University of Missouri- Kansas City, Kansas City, MO; Saint Luke's Mid America Heart Institute, Kansas City, MO.
University of Missouri- Kansas City, Kansas City, MO; Saint Luke's Mid America Heart Institute, Kansas City, MO.
Am Heart J. 2018 Jul;201:117-123. doi: 10.1016/j.ahj.2018.04.012. Epub 2018 Apr 21.
Although the Seattle Angina Questionnaire (SAQ) has been widely used to assess disease-specific health status in patients with ischemic heart disease, it was originally developed in a predominantly male population and its validity in women has been questioned.
Using data from 8892 men and 4013 women across 2 multicenter trials and 5 registries, we assessed the construct validity, test-retest reliability, responsiveness to clinical change, and predictive validity of the SAQ Summary Score (SS) and its 5 subdomains (Physical Limitation (PL), Anginal Stability (AS), Angina Frequency (AF), Treatment Satisfaction (TS), and Quality of Life (QoL)) separately in men and women.
Comparable correlations of the SAQ SS with Canadian Cardiovascular Society class was demonstrated in both men and women (-0.48 for men, -0.46 for women). Similar correlations between the SAQ PL scale with treadmill exercise duration and Short Form-12 (SF-12) Physical Component Summary were observed in women and men (0.34-0.63 and 0.40-0.63, respectively).
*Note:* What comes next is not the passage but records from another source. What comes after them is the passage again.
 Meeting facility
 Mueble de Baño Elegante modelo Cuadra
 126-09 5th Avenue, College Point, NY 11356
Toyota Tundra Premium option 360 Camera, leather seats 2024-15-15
SAQ AS scores were significantly lower for both men and women with acute syndromes compared with 1 month later. The SAQ AF scale was strongly correlated with daily angina diaries (0.62 for men and 0.66 for women). The SAQ QoL scores were moderately correlated with the EQ5D visual analog scale and SF-12 general health question in men (0.43-0.50) and women (0.33-0.39). All SAQ scales demonstrated excellent reliability (intraclass correlation ≥0.78) in both men and women with stable CAD and were very sensitive to change after percutaneous coronary intervention (≥15-point difference in scores, standardized response mean ≥ 0.67). The SAQ SS was similarly predictive of 1-year mortality and cardiac re-hospitalizations for both men and women.
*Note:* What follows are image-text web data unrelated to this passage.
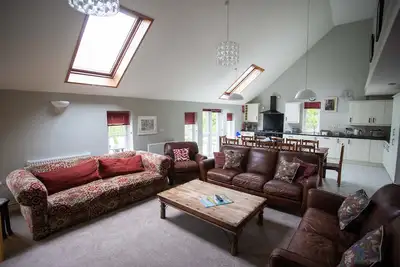 Image de Wellstone Cottages - Honey Coach House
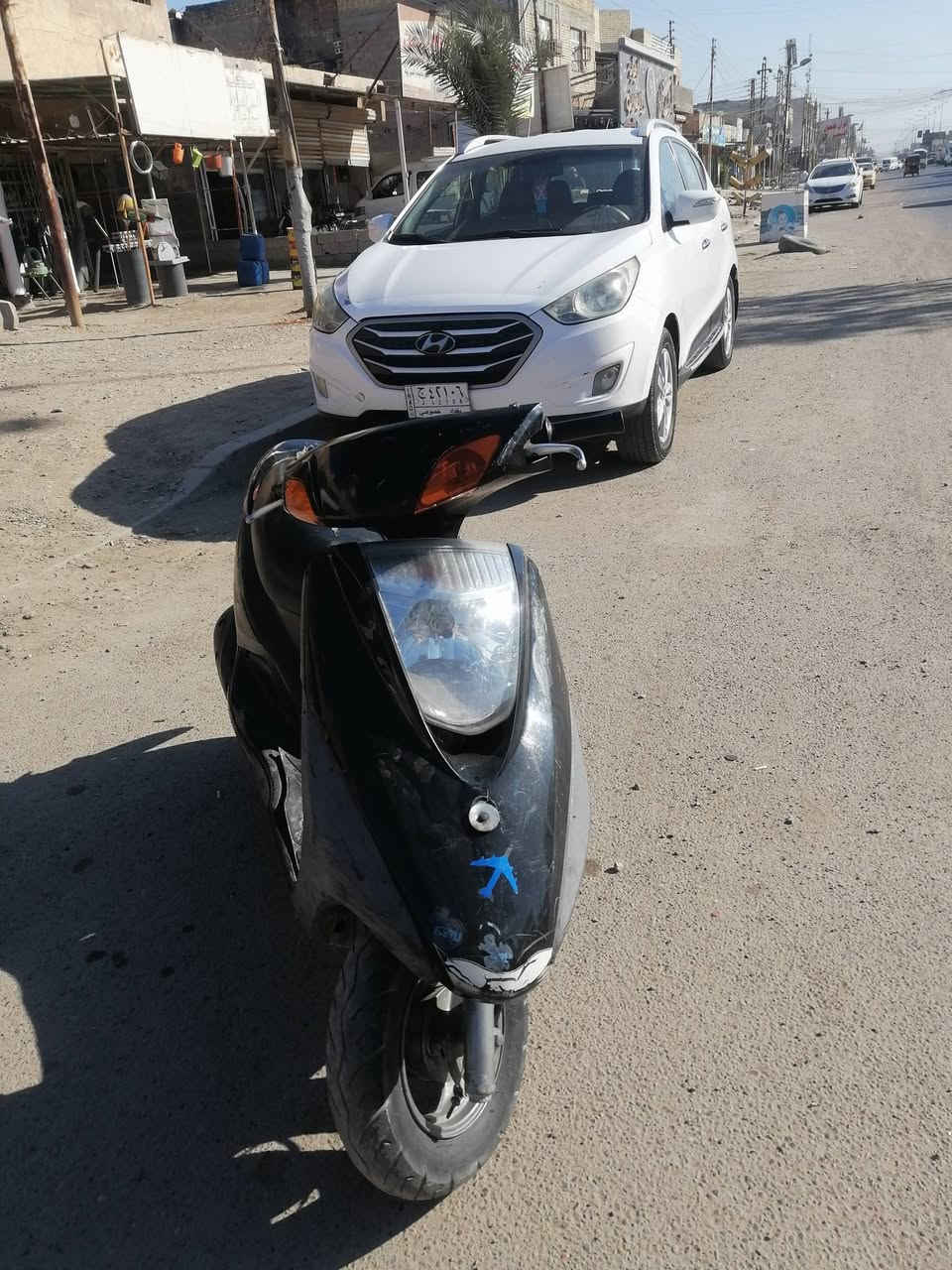 السلام عليكم دراجة للبيع بريز الدراجة نعومة شلعة معدل باتري جديد فلتر شوتة جديد سلف هندر شغال اشاير كلة شغال خير من الله بس بيهة كابريتر وصخ تكطيعة بصيطة السعر400وبيهة مجال للشراي مكاني الحسينية رقمي ***********وخادم للطيبين ولله محتاج اريد ادخل خصوصي طالب سادس ول دراجة مداريهة بانزين محسن ودهن ادير امزويل مفيس موجود
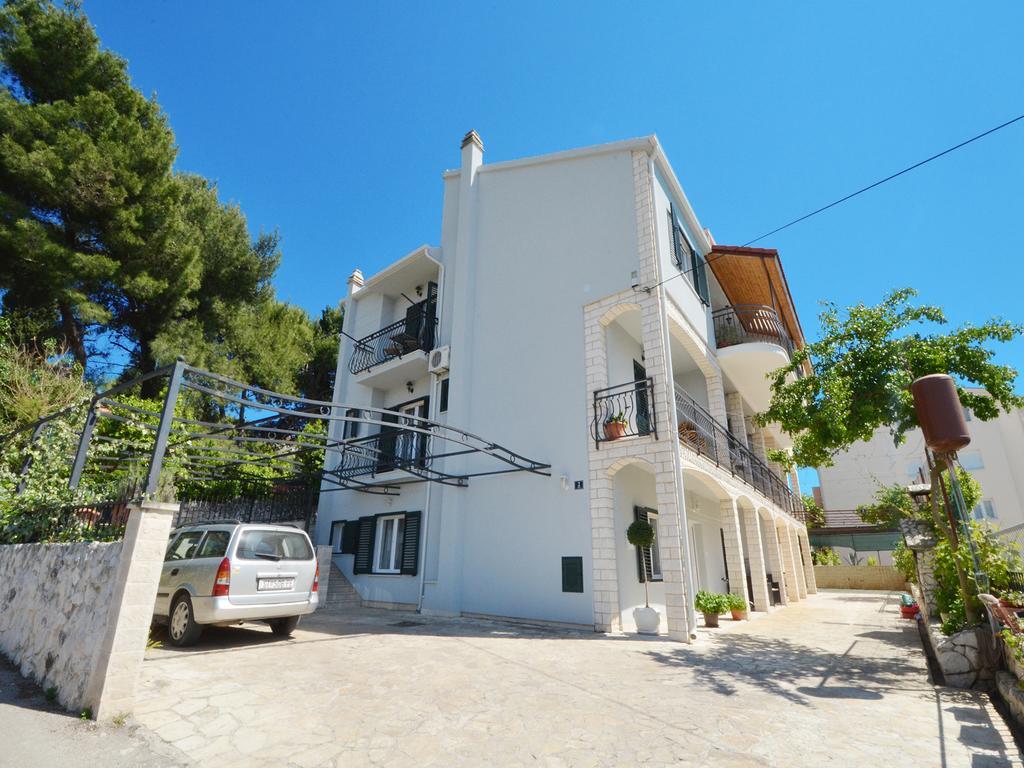 Apartment Vukadin Trogir Exterior foto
The SAQ demonstrates similar psychometric properties in men and women with CAD. These findings provide evidence for validity of the SAQ in assessing women with IHD.
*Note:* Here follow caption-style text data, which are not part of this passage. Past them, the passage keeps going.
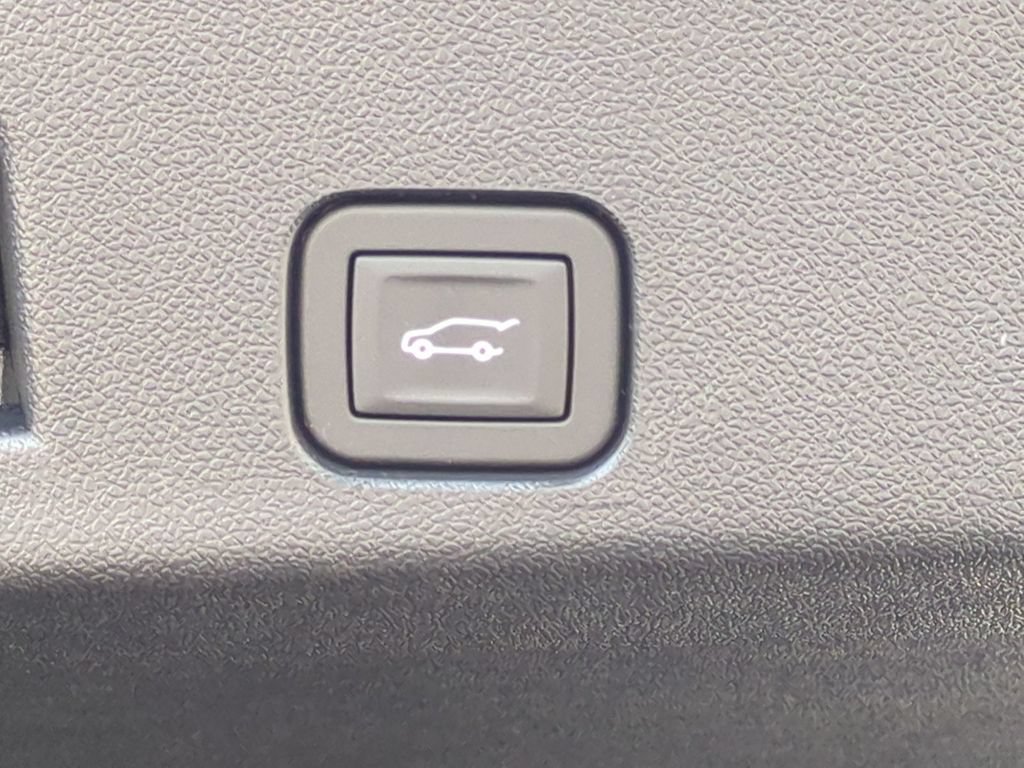 New 2026 GMC Acadia Elevation w/ Black Edition FWD image 28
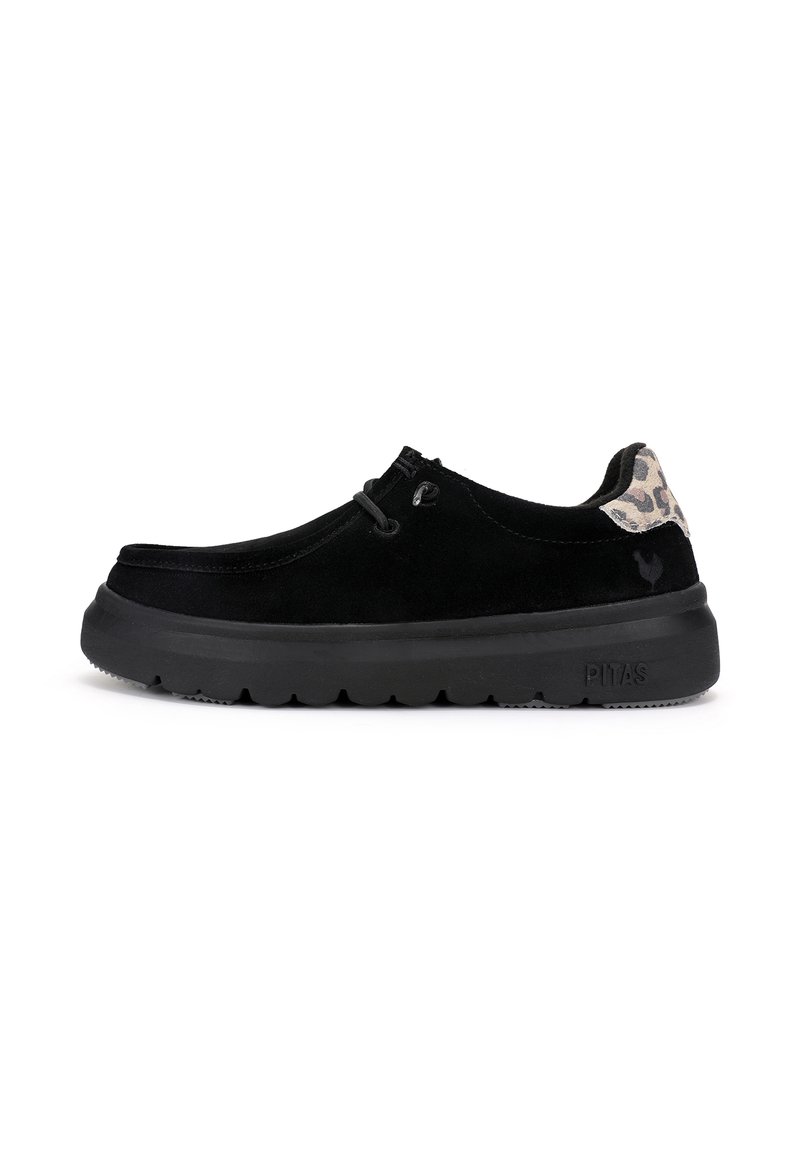 Chaussure en daim noir avec une semelle rembourrée, présentant un accent en imprimé léopard sur le talon et un design de lacets simple. Texture lisse dans l'ensemble.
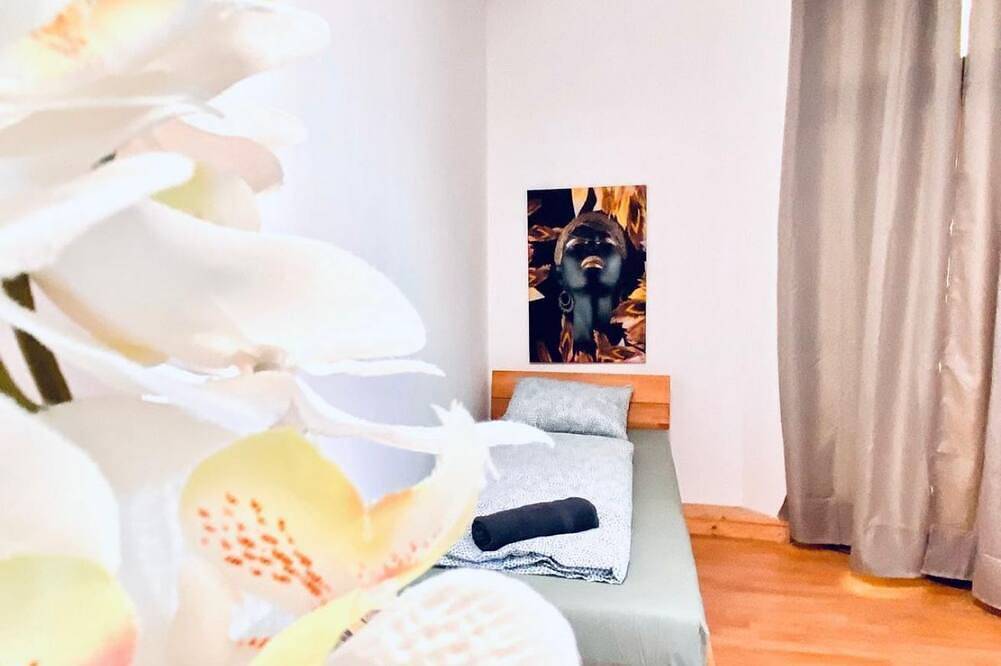 Ganze Wohnung, Private Room Near Vienna’s Center in a Shared Apt in Liesing, Wien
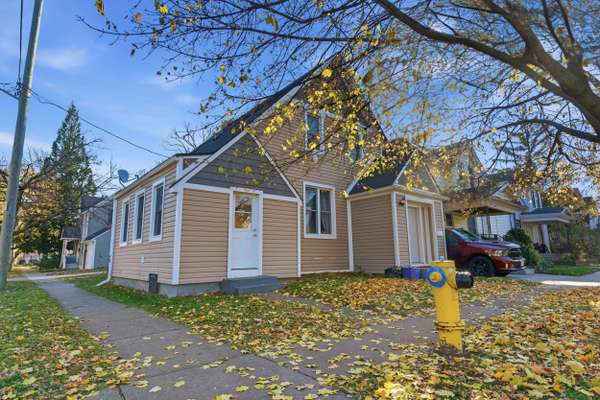 20 Henry ST, St. Catharines, ON L2R 5T3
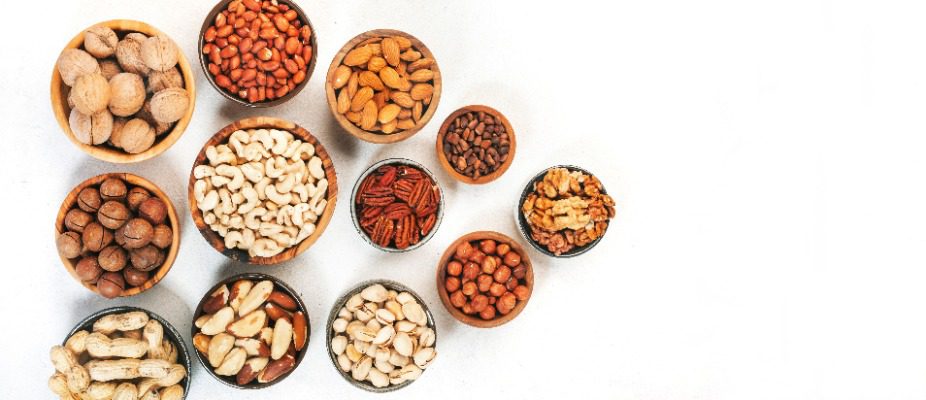 Nuts and seeds: best foods for eye health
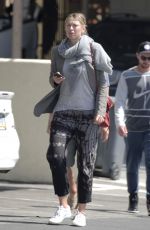 MARIA SHARAPOVA Out for Lunch in Los Angeles 04/11/2017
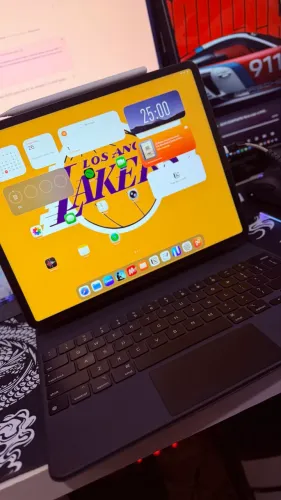 iPad Pro M1 5a ger 13? 256GB + Apple Pencil + Magic Keyboard Original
西雅图心绞痛问卷(SAQ)已广泛用于评估缺血性心脏病患者的特定疾病健康状况,但最初是在男性人群中开发的,其在女性中的有效性受到质疑。
我们使用来自 2 项多中心试验和 5 项注册研究的 8892 名男性和 4013 名女性的数据,分别评估了 SAQ 综合评分(SS)及其 5 个亚领域(身体限制(PL)、稳定性心绞痛(AS)、心绞痛频率(AF)、治疗满意度(TS)和生活质量(QoL))在男性和女性中的结构有效性、重测信度、对临床变化的反应能力和预测有效性。
在男性和女性中,SAQ SS 与加拿大心血管学会(CCS)分级的相关性相似(男性为-0.48,女性为-0.46)。在女性和男性中,SAQ PL 量表与跑步机运动时间和 SF-12 物理成分综合评分之间也观察到相似的相关性(分别为 0.34-0.63 和 0.40-0.63)。与 1 个月后相比,急性综合征的男性和女性的 SAQ AS 评分均显著降低。SAQ AF 量表与每日心绞痛日记密切相关(男性为 0.62,女性为 0.66)。SAQ QoL 评分与男性的 EQ5D 视觉模拟量表和 SF-12 一般健康问题呈中度相关(男性为 0.43-0.50,女性为 0.33-0.39)。在患有稳定 CAD 的男性和女性中,所有 SAQ 量表的可靠性均很高(组内相关系数≥0.78),经皮冠状动脉介入治疗后变化非常敏感(评分差异≥15 分,标准化反应均值≥0.67)。SAQ SS 对男性和女性的 1 年死亡率和心脏再入院率也具有相似的预测价值。
SAQ 在 CAD 男性和女性中具有相似的心理测量特性。这些发现为 SAQ 在评估女性缺血性心脏病中的有效性提供了证据。